UN chief witnesses climate change impacts in Greenland

UN Secretary General Ban Ki-moon Wednesday saw first-hand the impacts of climate change during a visit to Greenland, where the melting of ice sheets is accelerating.

"The secretary general has been in Greenland today to see first-hand the impacts of climate change," Xinhua quoted Farhan Haq, the deputy UN spokesperson, as saying at a daily news briefing here.

"He spent the morning in the town of Uummannaq, which is several hundred kilometres above the Arctic Circle."

"He went dog sledding and met with indigenous people," Haq said.

Together with Danish Prime Minister Helle Thorning-Schmidt, and Greenland Premier Aleqa Hammond, Ban hoisted flags and observed a prayer ceremony in a local church, Haq said.

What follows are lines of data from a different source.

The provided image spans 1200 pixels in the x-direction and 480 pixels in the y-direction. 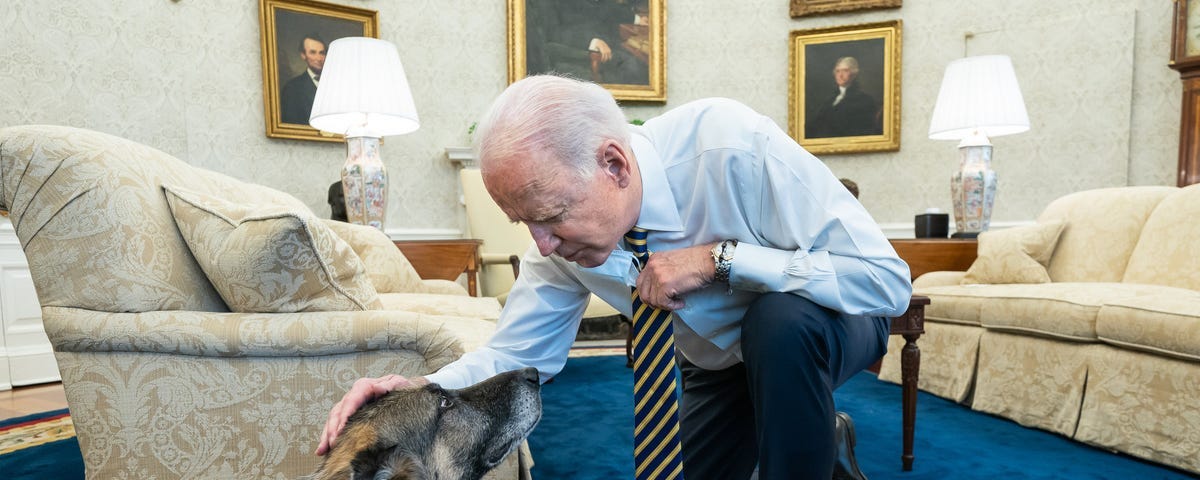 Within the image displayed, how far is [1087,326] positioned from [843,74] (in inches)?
123

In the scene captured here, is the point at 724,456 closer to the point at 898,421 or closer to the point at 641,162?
the point at 641,162

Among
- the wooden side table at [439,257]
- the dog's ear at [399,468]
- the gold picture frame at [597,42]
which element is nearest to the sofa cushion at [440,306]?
the wooden side table at [439,257]

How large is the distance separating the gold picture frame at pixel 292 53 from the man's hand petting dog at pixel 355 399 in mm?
3887

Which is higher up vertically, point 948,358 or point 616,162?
point 616,162

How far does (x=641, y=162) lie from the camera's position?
1.20 meters

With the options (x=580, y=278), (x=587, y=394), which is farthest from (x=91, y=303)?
(x=587, y=394)

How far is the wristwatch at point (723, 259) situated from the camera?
3.77ft

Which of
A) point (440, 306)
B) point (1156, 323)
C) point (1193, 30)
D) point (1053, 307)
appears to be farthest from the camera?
point (1193, 30)

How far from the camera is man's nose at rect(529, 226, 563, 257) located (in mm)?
1109

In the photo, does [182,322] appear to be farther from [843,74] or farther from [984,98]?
[843,74]

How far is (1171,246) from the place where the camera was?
9.55 ft

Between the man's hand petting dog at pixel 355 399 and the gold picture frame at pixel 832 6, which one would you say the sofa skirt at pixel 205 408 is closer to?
the man's hand petting dog at pixel 355 399

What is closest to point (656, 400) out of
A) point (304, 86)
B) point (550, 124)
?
point (550, 124)

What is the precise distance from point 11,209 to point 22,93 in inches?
121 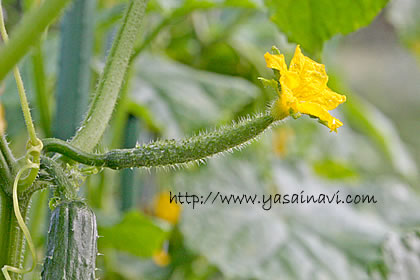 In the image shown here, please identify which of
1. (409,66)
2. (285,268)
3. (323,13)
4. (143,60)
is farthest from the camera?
(409,66)

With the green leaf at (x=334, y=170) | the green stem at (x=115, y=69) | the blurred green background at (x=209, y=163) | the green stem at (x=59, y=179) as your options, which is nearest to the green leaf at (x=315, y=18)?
the blurred green background at (x=209, y=163)

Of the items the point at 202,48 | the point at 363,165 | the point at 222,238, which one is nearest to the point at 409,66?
the point at 363,165

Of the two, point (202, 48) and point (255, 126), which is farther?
point (202, 48)

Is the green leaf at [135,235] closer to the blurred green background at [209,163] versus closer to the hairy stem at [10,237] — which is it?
the blurred green background at [209,163]

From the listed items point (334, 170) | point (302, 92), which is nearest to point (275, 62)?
point (302, 92)

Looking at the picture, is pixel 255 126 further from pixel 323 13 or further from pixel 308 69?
pixel 323 13

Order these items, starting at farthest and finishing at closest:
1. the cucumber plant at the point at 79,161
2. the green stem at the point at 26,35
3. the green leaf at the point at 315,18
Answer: the green leaf at the point at 315,18, the cucumber plant at the point at 79,161, the green stem at the point at 26,35

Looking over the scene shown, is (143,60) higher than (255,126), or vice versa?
(143,60) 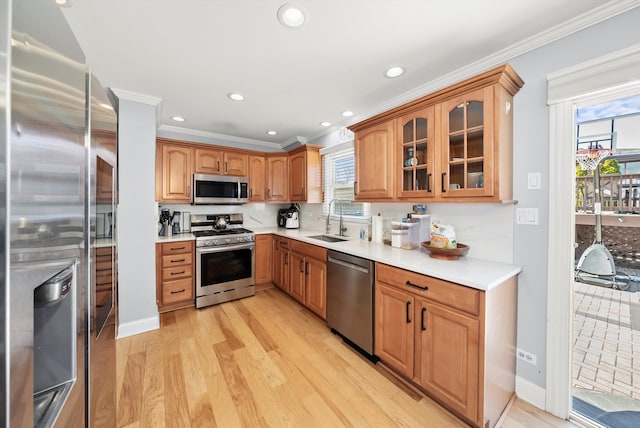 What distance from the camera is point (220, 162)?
364 cm

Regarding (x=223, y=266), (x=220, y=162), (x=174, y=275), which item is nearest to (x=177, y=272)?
(x=174, y=275)

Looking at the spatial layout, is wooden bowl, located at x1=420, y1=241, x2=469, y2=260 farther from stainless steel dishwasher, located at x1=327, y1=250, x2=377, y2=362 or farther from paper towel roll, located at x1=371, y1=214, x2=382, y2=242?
paper towel roll, located at x1=371, y1=214, x2=382, y2=242

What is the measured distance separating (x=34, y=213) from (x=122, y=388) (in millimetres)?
2092

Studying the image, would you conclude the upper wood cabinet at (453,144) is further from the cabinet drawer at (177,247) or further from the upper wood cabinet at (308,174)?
the cabinet drawer at (177,247)

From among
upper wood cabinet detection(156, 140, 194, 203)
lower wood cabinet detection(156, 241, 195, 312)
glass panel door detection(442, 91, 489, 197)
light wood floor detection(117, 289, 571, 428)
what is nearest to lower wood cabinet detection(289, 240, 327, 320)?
light wood floor detection(117, 289, 571, 428)

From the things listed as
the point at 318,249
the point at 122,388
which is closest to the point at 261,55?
the point at 318,249

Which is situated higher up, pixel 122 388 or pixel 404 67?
pixel 404 67

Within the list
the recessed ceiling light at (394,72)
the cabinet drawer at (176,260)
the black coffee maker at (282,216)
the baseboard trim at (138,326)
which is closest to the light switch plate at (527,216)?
the recessed ceiling light at (394,72)

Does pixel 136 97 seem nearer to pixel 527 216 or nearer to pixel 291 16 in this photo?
pixel 291 16

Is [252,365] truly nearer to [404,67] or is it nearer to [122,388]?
[122,388]

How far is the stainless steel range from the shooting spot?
3150mm

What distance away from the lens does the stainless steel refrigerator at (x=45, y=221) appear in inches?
14.5

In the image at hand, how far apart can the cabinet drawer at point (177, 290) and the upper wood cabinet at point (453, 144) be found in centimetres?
260

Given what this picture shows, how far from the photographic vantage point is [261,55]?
6.16ft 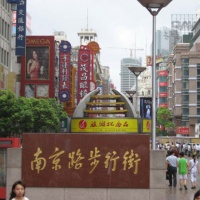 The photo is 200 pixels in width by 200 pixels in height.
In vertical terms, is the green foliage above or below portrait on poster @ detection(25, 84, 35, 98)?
below

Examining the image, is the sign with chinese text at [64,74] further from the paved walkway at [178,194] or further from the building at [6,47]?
the paved walkway at [178,194]

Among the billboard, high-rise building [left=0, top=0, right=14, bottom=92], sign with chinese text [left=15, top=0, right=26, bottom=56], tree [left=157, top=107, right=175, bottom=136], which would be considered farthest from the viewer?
tree [left=157, top=107, right=175, bottom=136]

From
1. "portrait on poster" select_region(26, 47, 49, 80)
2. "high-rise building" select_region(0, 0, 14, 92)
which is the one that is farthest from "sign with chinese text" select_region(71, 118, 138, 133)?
"portrait on poster" select_region(26, 47, 49, 80)

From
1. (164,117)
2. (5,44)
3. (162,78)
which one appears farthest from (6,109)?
(162,78)

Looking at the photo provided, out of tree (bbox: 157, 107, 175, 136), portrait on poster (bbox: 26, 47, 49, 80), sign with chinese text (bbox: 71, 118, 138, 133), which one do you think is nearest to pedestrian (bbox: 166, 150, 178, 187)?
sign with chinese text (bbox: 71, 118, 138, 133)

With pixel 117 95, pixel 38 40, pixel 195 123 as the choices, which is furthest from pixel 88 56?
pixel 117 95

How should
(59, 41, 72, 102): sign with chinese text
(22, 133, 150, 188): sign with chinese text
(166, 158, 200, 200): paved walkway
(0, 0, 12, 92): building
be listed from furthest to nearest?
(59, 41, 72, 102): sign with chinese text
(0, 0, 12, 92): building
(166, 158, 200, 200): paved walkway
(22, 133, 150, 188): sign with chinese text

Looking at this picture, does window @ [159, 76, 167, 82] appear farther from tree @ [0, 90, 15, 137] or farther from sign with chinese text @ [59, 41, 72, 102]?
tree @ [0, 90, 15, 137]

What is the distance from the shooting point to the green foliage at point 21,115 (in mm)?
53750

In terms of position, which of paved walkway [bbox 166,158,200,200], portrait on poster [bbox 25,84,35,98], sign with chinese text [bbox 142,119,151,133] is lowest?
paved walkway [bbox 166,158,200,200]

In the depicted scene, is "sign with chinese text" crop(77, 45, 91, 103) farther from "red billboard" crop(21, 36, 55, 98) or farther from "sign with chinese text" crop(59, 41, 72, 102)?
"red billboard" crop(21, 36, 55, 98)

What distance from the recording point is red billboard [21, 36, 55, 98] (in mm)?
78250

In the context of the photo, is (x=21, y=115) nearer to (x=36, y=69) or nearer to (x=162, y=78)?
(x=36, y=69)

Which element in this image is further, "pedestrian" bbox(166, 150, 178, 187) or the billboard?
the billboard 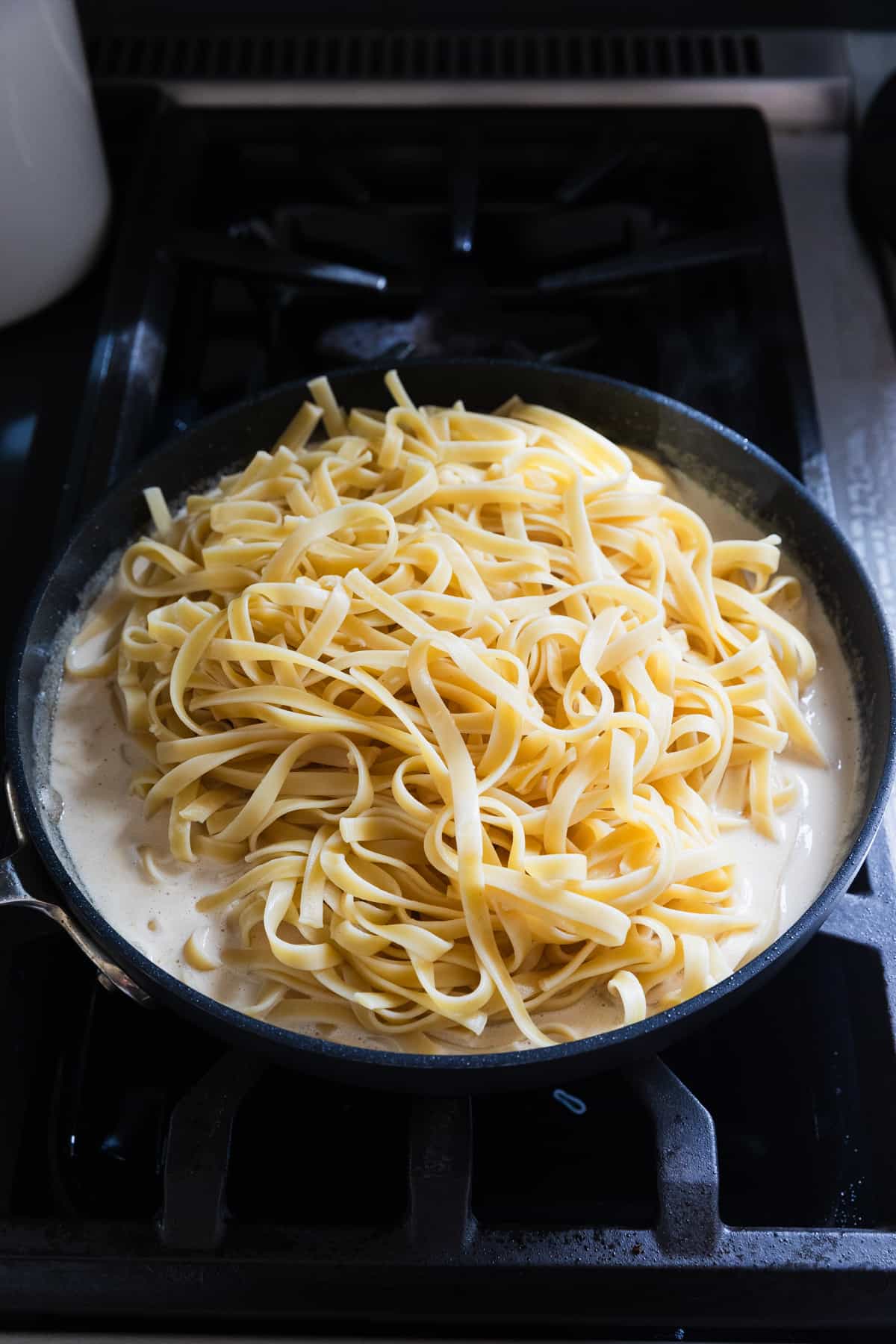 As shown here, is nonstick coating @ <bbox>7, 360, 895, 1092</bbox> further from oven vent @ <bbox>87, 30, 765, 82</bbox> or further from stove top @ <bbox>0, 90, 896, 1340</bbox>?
oven vent @ <bbox>87, 30, 765, 82</bbox>

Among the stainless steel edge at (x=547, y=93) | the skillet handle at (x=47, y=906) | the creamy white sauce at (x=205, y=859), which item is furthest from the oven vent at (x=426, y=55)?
the skillet handle at (x=47, y=906)

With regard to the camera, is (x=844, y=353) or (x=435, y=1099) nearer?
(x=435, y=1099)

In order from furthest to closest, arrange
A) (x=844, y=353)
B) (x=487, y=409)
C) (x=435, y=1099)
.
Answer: (x=844, y=353), (x=487, y=409), (x=435, y=1099)

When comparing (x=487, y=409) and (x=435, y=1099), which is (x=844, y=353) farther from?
(x=435, y=1099)

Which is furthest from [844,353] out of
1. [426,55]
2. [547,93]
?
[426,55]

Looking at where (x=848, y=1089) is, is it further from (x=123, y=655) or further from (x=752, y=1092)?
(x=123, y=655)

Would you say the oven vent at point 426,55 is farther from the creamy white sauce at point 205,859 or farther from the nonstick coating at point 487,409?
the creamy white sauce at point 205,859

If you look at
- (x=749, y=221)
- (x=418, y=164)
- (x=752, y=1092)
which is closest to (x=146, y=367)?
(x=418, y=164) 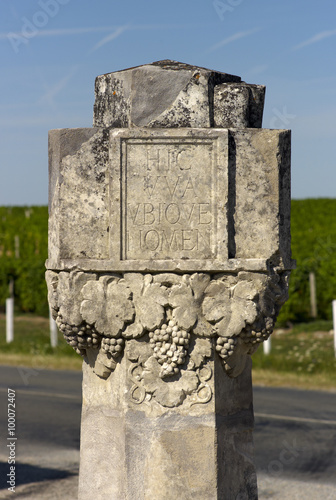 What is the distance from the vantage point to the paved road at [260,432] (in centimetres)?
755

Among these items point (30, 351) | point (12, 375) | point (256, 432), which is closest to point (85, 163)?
point (256, 432)

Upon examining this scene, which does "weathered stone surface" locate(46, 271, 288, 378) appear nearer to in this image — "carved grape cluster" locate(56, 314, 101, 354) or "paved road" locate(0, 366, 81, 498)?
"carved grape cluster" locate(56, 314, 101, 354)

Also on Wednesday, Ban toured the Ilulissat Icefjord by boat. Designated a World Heritage site by the UN Educational, Scientific and Cultural Organisation, the fjord is the mouth of a glacier which has been studied for more than 250 years and has contributed to better understanding of climate change.

He is also expected to be briefed on solutions available and innovations that are under way to address climate change in Greenland.

The UN chief's visit is aimed at building momentum ahead of a climate summit that he is convening Sep 23, a day before the UN General Assembly begins its annual high-level debate.

Ban has invited leaders of government, business, finance and civil society to bring bold announcements and actions to address climate change to the summit, which will focus on solutions that demonstrate how early action can result in substantial economic benefits.